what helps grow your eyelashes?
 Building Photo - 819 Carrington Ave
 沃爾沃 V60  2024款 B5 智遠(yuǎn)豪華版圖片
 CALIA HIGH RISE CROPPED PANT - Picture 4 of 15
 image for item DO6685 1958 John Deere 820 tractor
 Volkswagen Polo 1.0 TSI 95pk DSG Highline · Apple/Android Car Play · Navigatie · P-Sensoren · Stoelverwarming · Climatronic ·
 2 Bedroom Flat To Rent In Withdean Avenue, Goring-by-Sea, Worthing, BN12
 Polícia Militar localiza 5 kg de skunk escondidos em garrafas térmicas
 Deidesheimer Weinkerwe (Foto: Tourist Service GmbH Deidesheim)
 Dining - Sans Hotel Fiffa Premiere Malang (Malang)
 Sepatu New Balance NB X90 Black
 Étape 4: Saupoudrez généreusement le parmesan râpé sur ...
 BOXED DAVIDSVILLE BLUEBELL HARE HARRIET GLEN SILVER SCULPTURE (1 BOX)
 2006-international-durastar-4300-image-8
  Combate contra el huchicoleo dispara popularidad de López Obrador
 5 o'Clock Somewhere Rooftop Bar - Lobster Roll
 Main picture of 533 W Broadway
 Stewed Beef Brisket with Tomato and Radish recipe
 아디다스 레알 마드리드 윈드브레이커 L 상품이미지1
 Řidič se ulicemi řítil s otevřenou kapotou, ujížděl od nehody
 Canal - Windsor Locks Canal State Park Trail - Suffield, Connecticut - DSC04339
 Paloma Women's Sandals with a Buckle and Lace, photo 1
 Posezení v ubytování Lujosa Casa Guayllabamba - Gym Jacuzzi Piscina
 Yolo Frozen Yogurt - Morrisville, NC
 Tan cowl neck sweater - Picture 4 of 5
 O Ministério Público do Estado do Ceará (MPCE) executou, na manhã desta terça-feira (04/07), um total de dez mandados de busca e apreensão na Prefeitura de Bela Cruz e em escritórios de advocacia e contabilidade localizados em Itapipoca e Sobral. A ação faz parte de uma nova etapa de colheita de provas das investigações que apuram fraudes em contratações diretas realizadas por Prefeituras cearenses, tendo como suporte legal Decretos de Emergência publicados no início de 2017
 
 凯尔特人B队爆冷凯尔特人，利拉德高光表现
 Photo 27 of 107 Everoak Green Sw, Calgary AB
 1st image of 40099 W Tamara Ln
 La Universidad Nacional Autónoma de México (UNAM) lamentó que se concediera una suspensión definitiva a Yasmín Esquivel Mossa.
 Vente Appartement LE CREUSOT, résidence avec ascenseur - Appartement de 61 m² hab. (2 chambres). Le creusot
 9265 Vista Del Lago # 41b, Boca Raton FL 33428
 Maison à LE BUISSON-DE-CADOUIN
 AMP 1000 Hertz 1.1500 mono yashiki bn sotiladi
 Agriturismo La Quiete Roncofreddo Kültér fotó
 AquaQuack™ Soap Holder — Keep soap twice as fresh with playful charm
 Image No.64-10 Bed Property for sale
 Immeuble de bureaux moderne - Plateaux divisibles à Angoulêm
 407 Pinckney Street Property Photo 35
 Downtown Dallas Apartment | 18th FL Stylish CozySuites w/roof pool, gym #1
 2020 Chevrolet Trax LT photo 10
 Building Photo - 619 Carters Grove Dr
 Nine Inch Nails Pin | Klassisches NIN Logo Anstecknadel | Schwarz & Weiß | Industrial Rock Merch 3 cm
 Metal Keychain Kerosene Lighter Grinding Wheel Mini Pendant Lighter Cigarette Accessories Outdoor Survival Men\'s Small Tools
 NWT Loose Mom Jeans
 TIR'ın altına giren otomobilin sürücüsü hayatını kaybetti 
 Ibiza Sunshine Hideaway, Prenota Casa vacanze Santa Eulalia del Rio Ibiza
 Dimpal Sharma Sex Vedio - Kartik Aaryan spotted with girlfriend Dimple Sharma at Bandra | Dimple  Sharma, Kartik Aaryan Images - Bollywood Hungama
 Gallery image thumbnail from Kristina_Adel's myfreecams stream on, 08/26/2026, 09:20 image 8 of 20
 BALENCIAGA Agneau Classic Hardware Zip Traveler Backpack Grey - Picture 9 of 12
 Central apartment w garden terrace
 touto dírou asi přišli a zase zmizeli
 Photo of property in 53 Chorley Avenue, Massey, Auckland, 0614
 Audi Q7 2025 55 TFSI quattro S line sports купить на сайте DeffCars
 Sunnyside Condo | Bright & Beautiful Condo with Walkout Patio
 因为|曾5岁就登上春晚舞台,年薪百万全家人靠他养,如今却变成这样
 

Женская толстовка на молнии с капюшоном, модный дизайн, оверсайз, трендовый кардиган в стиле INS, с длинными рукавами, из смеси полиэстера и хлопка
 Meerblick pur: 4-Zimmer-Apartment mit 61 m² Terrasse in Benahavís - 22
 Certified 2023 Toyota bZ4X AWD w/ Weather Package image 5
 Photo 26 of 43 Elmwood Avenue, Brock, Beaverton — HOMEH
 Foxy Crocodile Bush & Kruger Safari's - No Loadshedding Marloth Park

*ASSIGNMENT*
Set down the whole listing once more, exactly as it appears.

*WRITTEN REPLY*
what helps grow your eyelashes?
 Building Photo - 819 Carrington Ave
 沃爾沃 V60  2024款 B5 智遠(yuǎn)豪華版圖片
 CALIA HIGH RISE CROPPED PANT - Picture 4 of 15
 image for item DO6685 1958 John Deere 820 tractor
 Volkswagen Polo 1.0 TSI 95pk DSG Highline · Apple/Android Car Play · Navigatie · P-Sensoren · Stoelverwarming · Climatronic ·
 2 Bedroom Flat To Rent In Withdean Avenue, Goring-by-Sea, Worthing, BN12
 Polícia Militar localiza 5 kg de skunk escondidos em garrafas térmicas
 Deidesheimer Weinkerwe (Foto: Tourist Service GmbH Deidesheim)
 Dining - Sans Hotel Fiffa Premiere Malang (Malang)
 Sepatu New Balance NB X90 Black
 Étape 4: Saupoudrez généreusement le parmesan râpé sur ...
 BOXED DAVIDSVILLE BLUEBELL HARE HARRIET GLEN SILVER SCULPTURE (1 BOX)
 2006-international-durastar-4300-image-8
  Combate contra el huchicoleo dispara popularidad de López Obrador
 5 o'Clock Somewhere Rooftop Bar - Lobster Roll
 Main picture of 533 W Broadway
 Stewed Beef Brisket with Tomato and Radish recipe
 아디다스 레알 마드리드 윈드브레이커 L 상품이미지1
 Řidič se ulicemi řítil s otevřenou kapotou, ujížděl od nehody
 Canal - Windsor Locks Canal State Park Trail - Suffield, Connecticut - DSC04339
 Paloma Women's Sandals with a Buckle and Lace, photo 1
 Posezení v ubytování Lujosa Casa Guayllabamba - Gym Jacuzzi Piscina
 Yolo Frozen Yogurt - Morrisville, NC
 Tan cowl neck sweater - Picture 4 of 5
 O Ministério Público do Estado do Ceará (MPCE) executou, na manhã desta terça-feira (04/07), um total de dez mandados de busca e apreensão na Prefeitura de Bela Cruz e em escritórios de advocacia e contabilidade localizados em Itapipoca e Sobral. A ação faz parte de uma nova etapa de colheita de provas das investigações que apuram fraudes em contratações diretas realizadas por Prefeituras cearenses, tendo como suporte legal Decretos de Emergência publicados no início de 2017
 
 凯尔特人B队爆冷凯尔特人，利拉德高光表现
 Photo 27 of 107 Everoak Green Sw, Calgary AB
 1st image of 40099 W Tamara Ln
 La Universidad Nacional Autónoma de México (UNAM) lamentó que se concediera una suspensión definitiva a Yasmín Esquivel Mossa.
 Vente Appartement LE CREUSOT, résidence avec ascenseur - Appartement de 61 m² hab. (2 chambres). Le creusot
 9265 Vista Del Lago # 41b, Boca Raton FL 33428
 Maison à LE BUISSON-DE-CADOUIN
 AMP 1000 Hertz 1.1500 mono yashiki bn sotiladi
 Agriturismo La Quiete Roncofreddo Kültér fotó
 AquaQuack™ Soap Holder — Keep soap twice as fresh with playful charm
 Image No.64-10 Bed Property for sale
 Immeuble de bureaux moderne - Plateaux divisibles à Angoulêm
 407 Pinckney Street Property Photo 35
 Downtown Dallas Apartment | 18th FL Stylish CozySuites w/roof pool, gym #1
 2020 Chevrolet Trax LT photo 10
 Building Photo - 619 Carters Grove Dr
 Nine Inch Nails Pin | Klassisches NIN Logo Anstecknadel | Schwarz & Weiß | Industrial Rock Merch 3 cm
 Metal Keychain Kerosene Lighter Grinding Wheel Mini Pendant Lighter Cigarette Accessories Outdoor Survival Men\'s Small Tools
 NWT Loose Mom Jeans
 TIR'ın altına giren otomobilin sürücüsü hayatını kaybetti 
 Ibiza Sunshine Hideaway, Prenota Casa vacanze Santa Eulalia del Rio Ibiza
 Dimpal Sharma Sex Vedio - Kartik Aaryan spotted with girlfriend Dimple Sharma at Bandra | Dimple  Sharma, Kartik Aaryan Images - Bollywood Hungama
 Gallery image thumbnail from Kristina_Adel's myfreecams stream on, 08/26/2026, 09:20 image 8 of 20
 BALENCIAGA Agneau Classic Hardware Zip Traveler Backpack Grey - Picture 9 of 12
 Central apartment w garden terrace
 touto dírou asi přišli a zase zmizeli
 Photo of property in 53 Chorley Avenue, Massey, Auckland, 0614
 Audi Q7 2025 55 TFSI quattro S line sports купить на сайте DeffCars
 Sunnyside Condo | Bright & Beautiful Condo with Walkout Patio
 因为|曾5岁就登上春晚舞台,年薪百万全家人靠他养,如今却变成这样
 

Женская толстовка на молнии с капюшоном, модный дизайн, оверсайз, трендовый кардиган в стиле INS, с длинными рукавами, из смеси полиэстера и хлопка
 Meerblick pur: 4-Zimmer-Apartment mit 61 m² Terrasse in Benahavís - 22
 Certified 2023 Toyota bZ4X AWD w/ Weather Package image 5
 Photo 26 of 43 Elmwood Avenue, Brock, Beaverton — HOMEH
 Foxy Crocodile Bush & Kruger Safari's - No Loadshedding Marloth Park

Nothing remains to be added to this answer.